Quel giorno, la giudice venne ricusata per presunta parzialità da un avvocato che rappresentava un altro ex gerarca, imputato con Ríos Montt; accogliendo un ricorso dell’accusa, la Corte Costituzionale ha ora stabilito che la ricusazione fu indebita, riabilitando Flores e disponendo che tutto riprenda dal novembre di due anni fa.
In questo modo si allontana la possibilità che Ríos Montt, al potere fra il 23 marzo 1982 e l’8 agosto 1983, e il suo ex capo dell’intelligence militare, José Rodríguez, rispondano per la strage di 1771 indigeni Maya Ixiles, tra cui donne e bambini, in almeno 16 stragi perpetrate nel dipartimento nord-occidentale del Quiché durante la guerra civile (1960-1996).
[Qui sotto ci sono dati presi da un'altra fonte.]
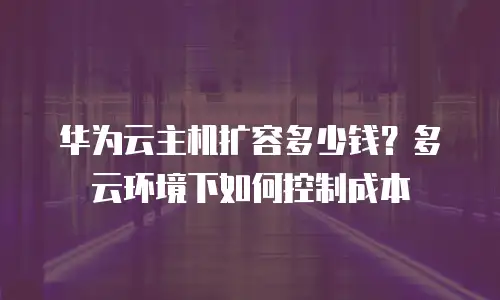 华为云主机扩容多少钱？多云环境下如何控制成本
Andranno di fatto perdute le decine di testimonianze rilasciate da periti e sopravvissuti che nel corso delle udienze iniziate il 19 marzo hanno ripercorso in un clima di dolore e commozione i 15 mesi di ‘tierra arrasada’ (terra bruciata) perpetrati dalle forze armate contro la popolazione civile. Tra le deposizioni, ne è emersa anche una rilasciata da un ex soldato che ha citato direttamente l’attuale presidente, il generale dell’esercito a riposo Otto Pérez Molina, come responsabile della caserma di El Pino di Nebaj dove furono portati e uccisi diversi indigeni.
“Riprendere il processo da una tappa già conclusa è illegale, è una burla” ha protestato il pm Orlando López; la pubblica accusa ha deciso di presentare appello contro la decisione del tribunale costituzionale. Mariela Bustamante, parente di una delle vittime, si è scagliata contro la giudice Flores definendola “ingiusta, codarda e complice degli assassini”.
Il processo era cominciato a marzo sulla base di una disposizione emessa a gennaio dopo che per anni la difesa dell’ex dittatore era riuscito a evitarlo anche grazie all’immunità parlamentare di cui Ríos Montt ha lungamente beneficiato fino alla fine dell’ultima legislatura.